Yong Loo Lin School of Medicine, National University of Singapore, Singapore 119077, Singapore.
Department of Paediatrics, Khoo Teck Puat-National University Children's Medical Institute, National University Health System, Singapore 119228, Singapore.
Int J Environ Res Public Health. 2022 Jul 27;19(15):9195. doi: 10.3390/ijerph19159195.
We aimed to identify subgroups of young children with differential risks for ADHD, and cross-validate these subgroups with an independent sample of children. All children in Study 1 (N = 120) underwent psychological assessments and were diagnosed with ADHD before age 7. Latent class analysis (LCA) classified children into risk subgroups. Study 2 (N = 168) included an independent sample of children under age 7. A predictive model from Study 1 was applied to Study 2. The latent class analyses in Study 1 indicated preference of a 3-class solution (BIC = 3807.70, p < 0.001). Maternal education, income-to-needs ratio, and family history of psychopathology, defined class membership more strongly than child factors. An almost identical LCA structure from Study 1 was replicated in Study 2 (BIC = 5108.01, p < 0.001). Indices of sensitivity (0.913, 95% C.I. 0.814−0.964) and specificity (0.788, 95% C.I. 0.692−0.861) were high across studies. It is concluded that the classifications represent valid combinations of child, parent, and family characteristics that are predictive of ADHD in young children.

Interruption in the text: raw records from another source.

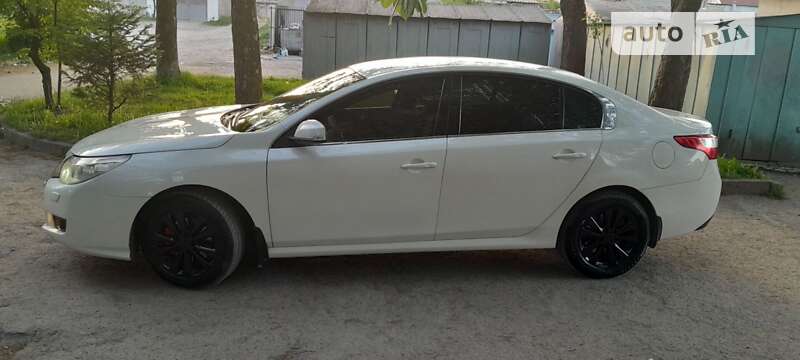 Седан Renault Latitude 2012 в Богородчанах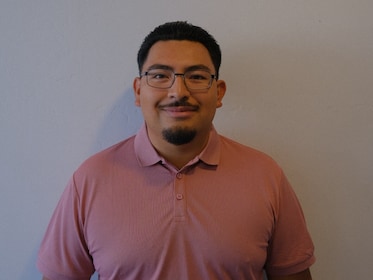 Staff member Jonathan Martinez from ID_aea30327046d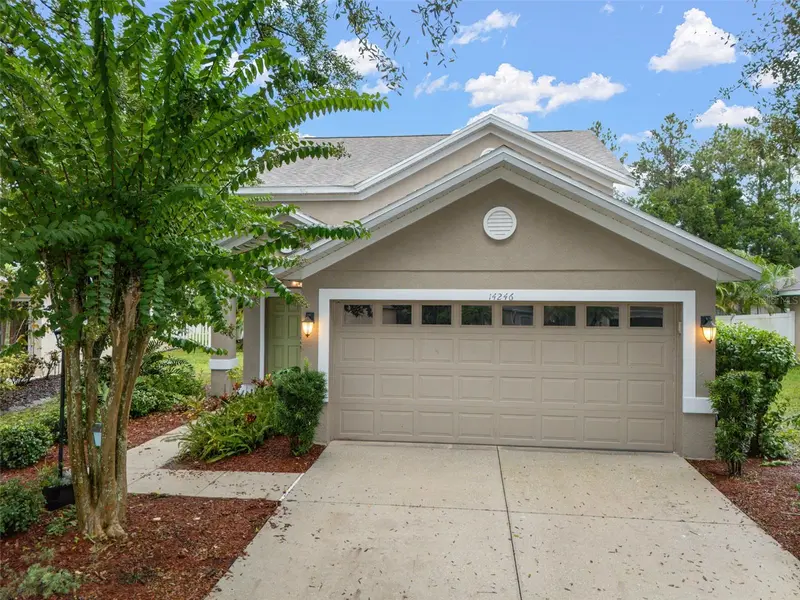14246 TREE SWALLOW WAY, LAKEWOOD RANCH, photo 2 of 42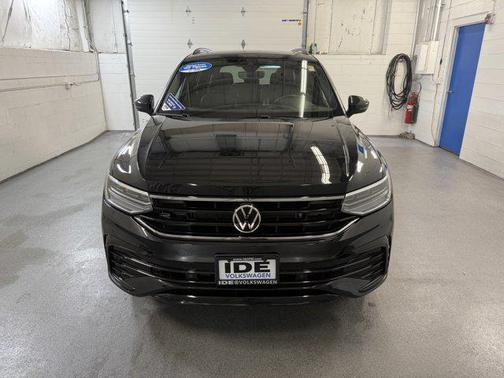 2022 Volkswagen Tiguan 2.0T SE R-Line Black 4MOTION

我们旨在确定具有不同 ADHD 风险的幼儿亚组,并使用另一组独立的儿童样本对这些亚组进行交叉验证。研究 1(N=120)中的所有儿童都接受了心理评估,并在 7 岁之前被诊断出患有 ADHD。潜在类别分析(LCA)将儿童分为风险亚组。研究 2(N=168)包括 7 岁以下的一组独立儿童。研究 1 中的预测模型被应用于研究 2。研究 1 中的潜在类别分析表明,倾向于采用 3 类解决方案(BIC=3807.70,p<0.001)。母亲的教育程度、收入与需求比以及家庭精神病史比儿童因素更能定义类别成员。研究 1 中的几乎相同的 LCA 结构在研究 2 中得到了复制(BIC=5108.01,p<0.001)。在两个研究中,敏感性指数(0.913,95%置信区间 0.814−0.964)和特异性指数(0.788,95%置信区间 0.692−0.861)都很高。结论是,这些分类代表了具有预测幼儿 ADHD 能力的儿童、父母和家庭特征的有效组合。